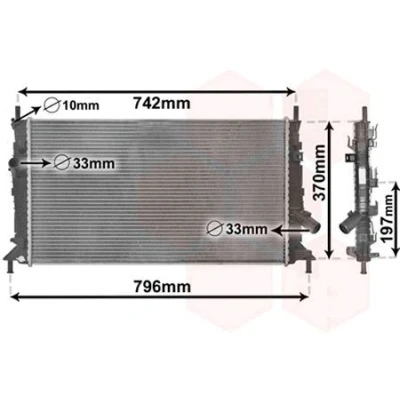 Imagen de VAN WEZEL 18002370 Radiador, refrigeración del motor Aluminio 672 380 26 Aletas soldadas FORD: FOCUS 2, C Max, 2 Cabriolet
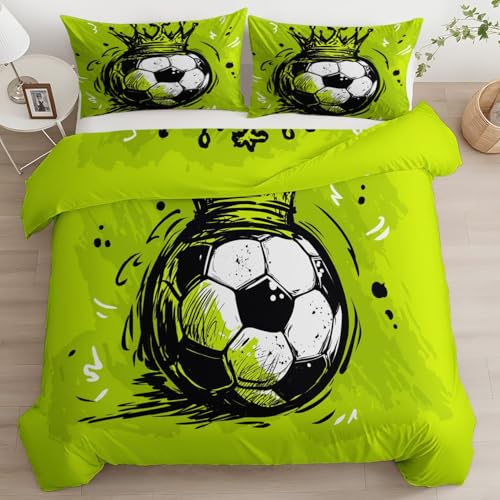 Quixora Parure de Lit Couronne Ballon de Football Housse de Couette Vert 260 x 240 cm avec 2 Taies d'oreiller 65x65 cm, Hypoallergénique Housse Couette 2 Personnes en Microfibre Imprimée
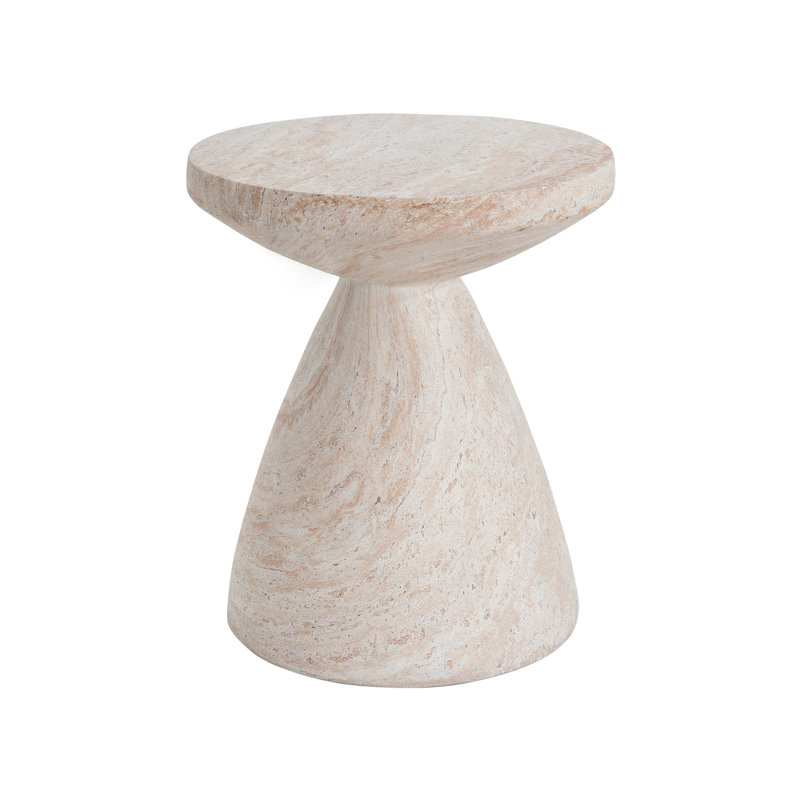 Outdoor/Indoor Lightweight Concrete Side Table,Travertine Finish, Beige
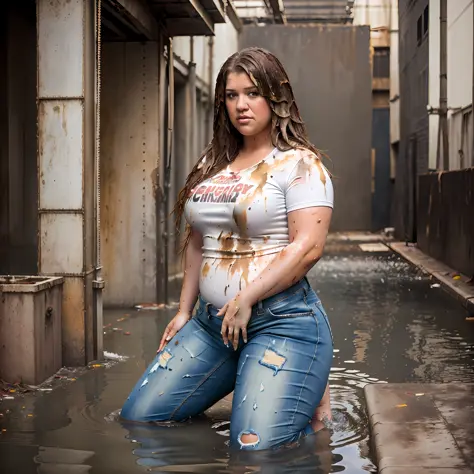 Overweight)) ((chubby)), Kelly Clarkson, small breasts, long brown hair,  wearing jeans - SeaArt AI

Assignment = Starting at the line that contains "Quixora Parure de", retype each line through the end of the data exactly, and leave out every picture.

Written solution =
 Quixora Parure de Lit Couronne Ballon de Football Housse de Couette Vert 260 x 240 cm avec 2 Taies d'oreiller 65x65 cm, Hypoallergénique Housse Couette 2 Personnes en Microfibre Imprimée
 Outdoor/Indoor Lightweight Concrete Side Table,Travertine Finish, Beige
 Overweight)) ((chubby)), Kelly Clarkson, small breasts, long brown hair,  wearing jeans - SeaArt AI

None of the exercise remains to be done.